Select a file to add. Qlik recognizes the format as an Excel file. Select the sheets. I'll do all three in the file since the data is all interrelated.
---
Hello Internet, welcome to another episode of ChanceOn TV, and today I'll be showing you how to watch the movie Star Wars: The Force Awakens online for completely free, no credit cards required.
---
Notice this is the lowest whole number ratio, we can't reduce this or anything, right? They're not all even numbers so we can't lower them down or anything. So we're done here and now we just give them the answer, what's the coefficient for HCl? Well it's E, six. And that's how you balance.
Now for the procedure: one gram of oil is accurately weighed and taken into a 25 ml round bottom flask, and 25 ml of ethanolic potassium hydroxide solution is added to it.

▶ **Problem description**
The listing above holds a line with "Notice this is" and a line with "Now for the". Print the stretch from the first through the second, exactly and alone.

▶ **Answer for this exercise**
Notice this is the lowest whole number ratio, we can't reduce this or anything, right? They're not all even numbers so we can't lower them down or anything. So we're done here and now we just give them the answer, what's the coefficient for HCl? Well it's E, six. And that's how you balance.
Now for the procedure: one gram of oil is accurately weighed and taken into a 25 ml round bottom flask, and 25 ml of ethanolic potassium hydroxide solution is added to it.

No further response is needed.